The task calls for an exact copy of the records, without any images.
-- Data records follows --
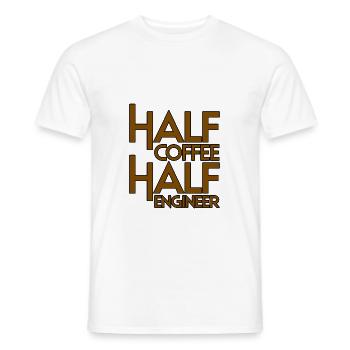 Half Coffee Half Engineer 3 - Men's T-Shirt - white - Front - AI Model Male 178 dark (178cm)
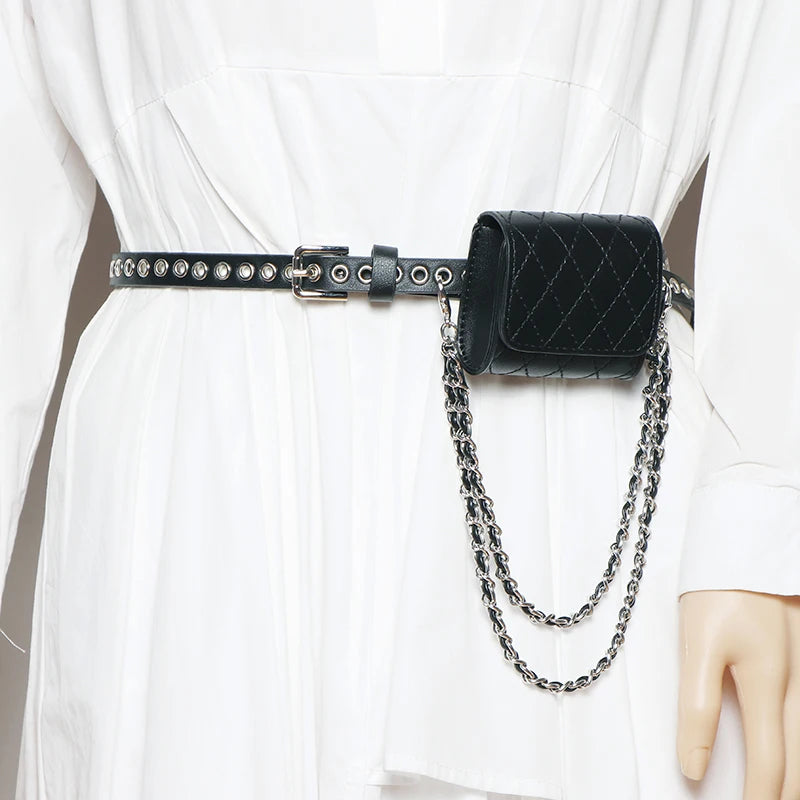Vintage Diamond lattice PU Mini Waist Packs Women Leather Waist Belt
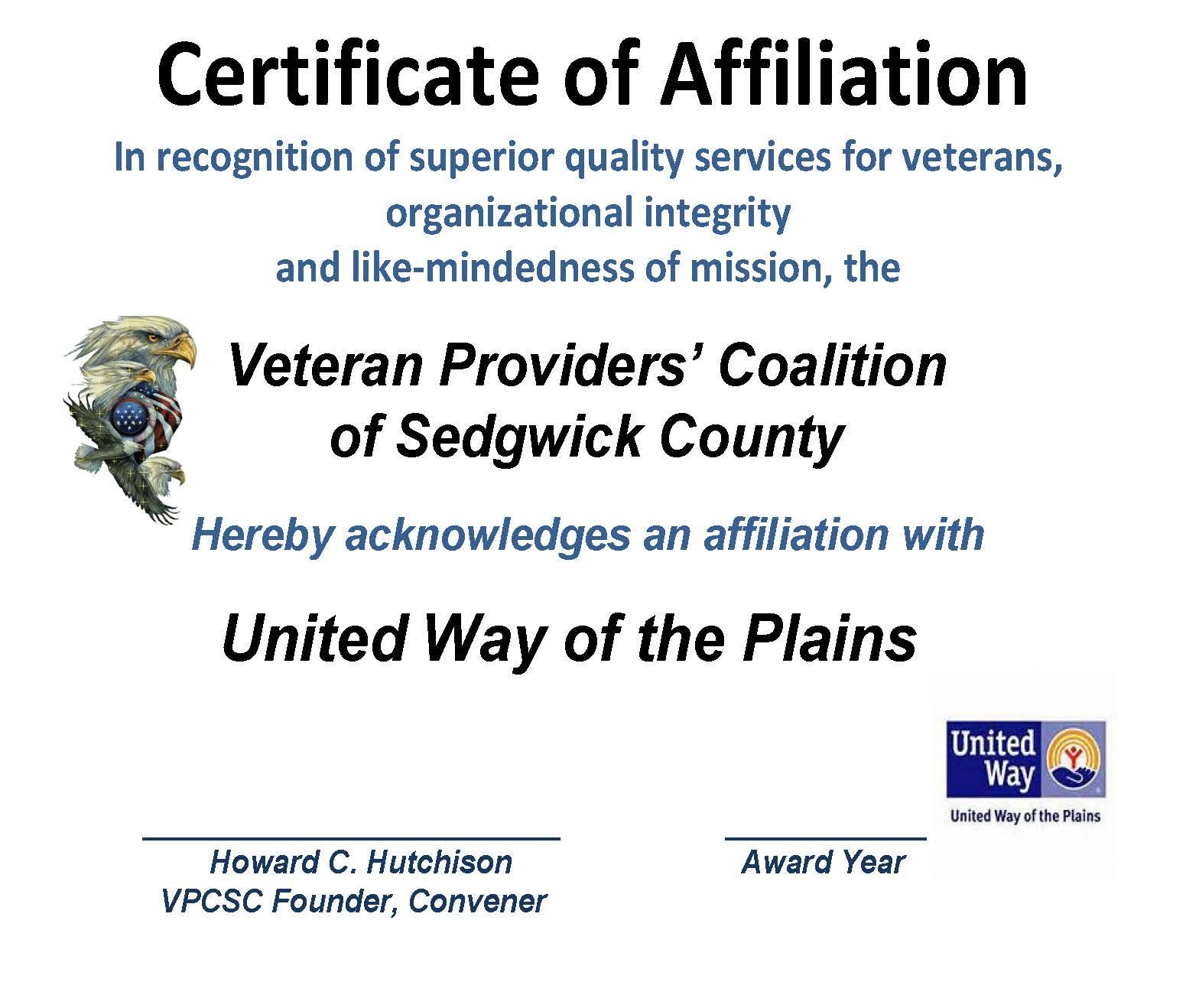 AFFILIATION CERT. UNITED WAY 2015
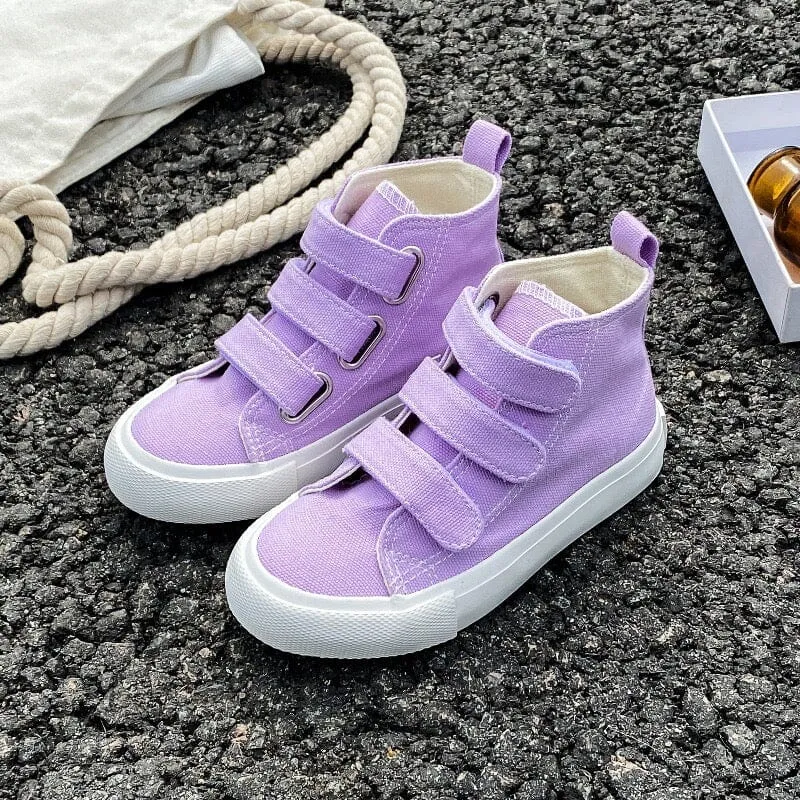 Solid Color High Top Kids Canvas Shoes (2)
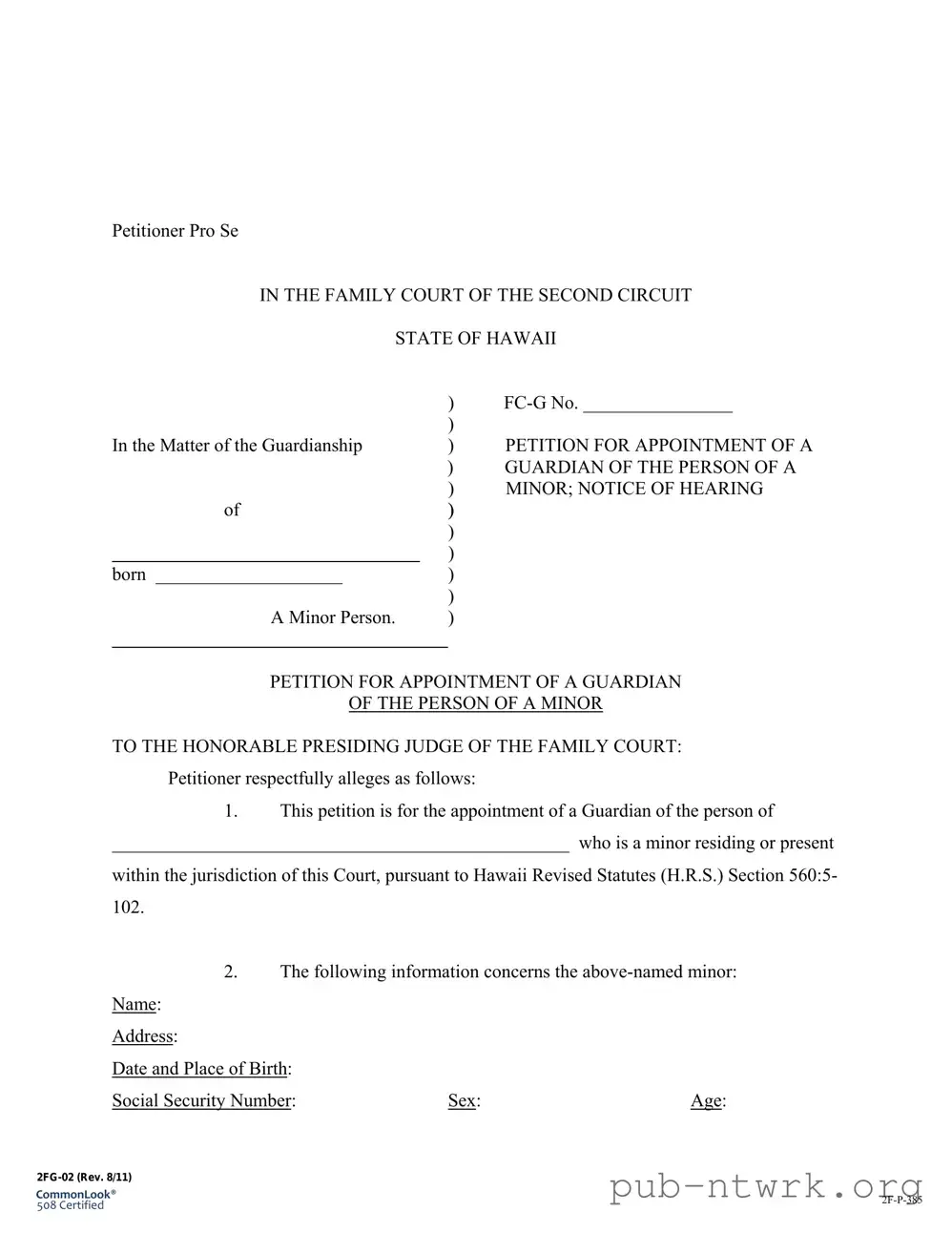 Blank State Hawaii Guardianship PDF Form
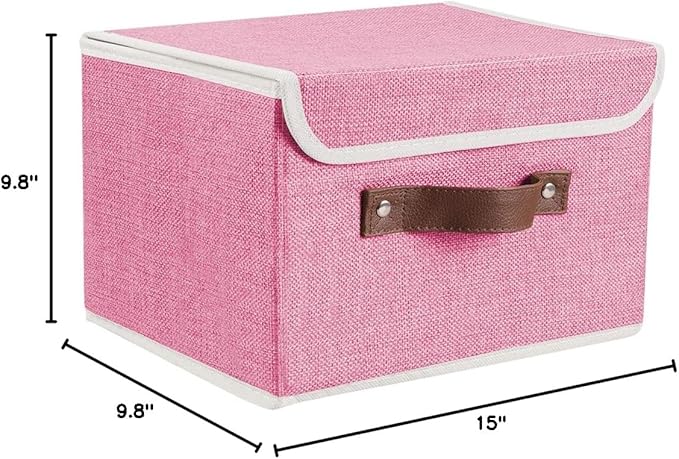 Lucky Monet Storage Bins Boxes with Lids 2 Pack Decorative Storage Boxes Collapsible Fabric Storage Basket Containers Lidded Storage Cube for Organizing Closet Home Office, 10"x 8"x 7" (Pink)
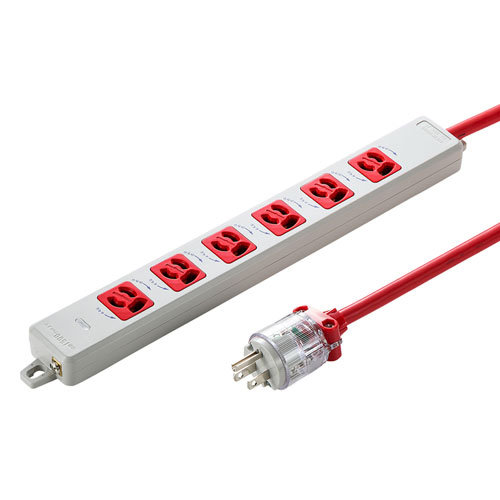 サンワサプライ 医用接地プラグ付き電源タップ TAP-HPM6-1R 6,418円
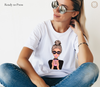 Stylish woman wearing girl boss coffee design shirt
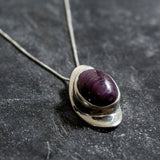 Ruby Pendant, Large Ruby, Antique Pendant, July Birthstone, Red Pendant, Vintage Pendant, Solid Silver Pendant, 925 Silver, Oval Pendant,925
-- Data records concluded --
» Result
 Half Coffee Half Engineer 3 - Men's T-Shirt - white - Front - AI Model Male 178 dark (178cm)
Vintage Diamond lattice PU Mini Waist Packs Women Leather Waist Belt
 AFFILIATION CERT. UNITED WAY 2015
 Solid Color High Top Kids Canvas Shoes (2)
 Blank State Hawaii Guardianship PDF Form
 Lucky Monet Storage Bins Boxes with Lids 2 Pack Decorative Storage Boxes Collapsible Fabric Storage Basket Containers Lidded Storage Cube for Organizing Closet Home Office, 10"x 8"x 7" (Pink)
 サンワサプライ 医用接地プラグ付き電源タップ TAP-HPM6-1R 6,418円
 Stylish woman wearing girl boss coffee design shirt
 Ruby Pendant, Large Ruby, Antique Pendant, July Birthstone, Red Pendant, Vintage Pendant, Solid Silver Pendant, 925 Silver, Oval Pendant,925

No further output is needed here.